First, I went to a high school named after a state governor. It was part of "Governors' Village" with a couple elementary schools and a middle school. During my time at this high school, I learned *zero* things about our namesake. I only knew he had been a state governor because of the overall branding of the schools. I was definitely never taught why he was chosen for the honor of having a school named after him. And I was never taught that besides being a governor of our state he was also a Confederate general.
The school district this past week, in response to a rising awareness of how we memorialize people from our country's history, specifically the Civil War, has decided to rename the high school.
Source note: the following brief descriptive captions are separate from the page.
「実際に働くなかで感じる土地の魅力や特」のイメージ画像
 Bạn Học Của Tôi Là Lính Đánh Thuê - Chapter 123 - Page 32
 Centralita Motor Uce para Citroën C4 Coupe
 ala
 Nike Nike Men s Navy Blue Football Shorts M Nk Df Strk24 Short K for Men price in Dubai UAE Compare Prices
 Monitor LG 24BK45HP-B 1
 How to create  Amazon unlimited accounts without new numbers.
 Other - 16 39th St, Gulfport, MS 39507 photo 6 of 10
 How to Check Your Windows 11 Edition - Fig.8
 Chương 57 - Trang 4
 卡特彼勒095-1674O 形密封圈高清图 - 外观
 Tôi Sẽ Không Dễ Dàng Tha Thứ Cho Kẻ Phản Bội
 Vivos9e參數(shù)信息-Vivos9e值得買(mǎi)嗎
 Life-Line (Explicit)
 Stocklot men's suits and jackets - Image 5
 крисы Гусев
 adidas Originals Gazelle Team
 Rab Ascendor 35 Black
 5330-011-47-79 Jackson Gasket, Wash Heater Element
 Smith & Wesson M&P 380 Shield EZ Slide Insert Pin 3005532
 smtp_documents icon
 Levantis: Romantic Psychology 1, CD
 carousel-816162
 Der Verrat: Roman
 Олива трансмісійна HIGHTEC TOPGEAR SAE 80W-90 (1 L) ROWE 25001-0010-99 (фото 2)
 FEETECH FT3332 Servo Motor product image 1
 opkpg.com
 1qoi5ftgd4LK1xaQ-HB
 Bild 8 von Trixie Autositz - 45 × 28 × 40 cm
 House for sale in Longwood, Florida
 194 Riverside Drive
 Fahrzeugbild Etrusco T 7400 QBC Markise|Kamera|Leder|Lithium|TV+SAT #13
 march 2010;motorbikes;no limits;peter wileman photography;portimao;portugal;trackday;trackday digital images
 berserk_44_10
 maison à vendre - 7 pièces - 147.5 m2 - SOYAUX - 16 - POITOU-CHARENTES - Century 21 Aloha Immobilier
Second, the college I attended had a dorm named after Jefferson Davis. It had a bust of Jefferson Davis in a prominent location on campus. While I was there, *15 years ago*, there were frequent conversations about the need to rename Davis Hall and remove the bust and other displayed memorabilia. Jefferson Davis, President of the Confederacy, was a student at Transylvania - not a graduate (he transferred to West Point). At some point it was determined that this small connection to the school was worthy of honoring with the naming of building. During my time at Transy, I was part of multiple conversations about the lack of diversity on campus including the ways the physical buildings on campus made it a hostile place for Black students, facility, and staff and the obvious racial disparities that existed between professors and administrators and lower paid staff such as food service and facility workers. To ask a Black student to live in a building named after an individual that loudly proclaimed they were less than human is absurd and cruel. Davis Hall was finally demolished in 2015 to make way for a new residence hall.
I share these stories for a reason. There are those who are outraged by the destruction of statues and monuments (and the retiring of certain brand mascots - but that's a separate post). Buildings are only different in that they are harder to tear down - but the purpose is the same - to honor and remember someone. The argument I am hearing is they are a part of our history and these statues and monuments help us remember that history.
Except I would argue they don't actually help us remember history. And often they are very bad at helping us remember history *accurately*. A statue tells us that someone is worthy of honor, of celebrating, of remembering. Often there is a plaque with a few words reminding us of some accomplishment or leadership role. One aspect of a person's life or role does not history make. It lacks context and depth. And the presence of these statues communicates something beyond "remember this history," it says "this is what we value."
No person is flawless, without mistakes or problematic beliefs, especially from the history of this country. But there is a pattern to the monuments that have been targeted for removal. Many have been part of long fought campaigns to remove them and possibly find more educational and context-filled places for them. Because normal channels have not been successful in removing racist statues, tearing down these signs of old worldviews have also become a way to signal a change in values, in priorities, in what we choose to lift up and remember. Removing them from our city squares lets us educate ourselves about the true impact of people like Christopher Columbus on Indigenous people and the sins of his worldview beyond what we are taught in many history books.
If we want the statues in our cities to really help us remember history, I suggest we advocate for more diversity in our monuments. Let us be intentional about the history we choose to lift up, to celebrate, to remember. And let us be more outraged by the unneeded loss of Black lives due to bias, unnecessary police violence, and an over-policing of Black neighborhoods than by the destruction of some marble or iron.
For more reading about the history of Confederate monuments and statues in particular, I suggest this NPR article from 2017 (when the violence in Charlottesville occurred) on why they were built.
To build Confederate statues, says Dailey, in public spaces, near government buildings, and especially in front of court houses, was a "power play" meant to intimidate those looking to come to the "seat of justice or the seat of the law."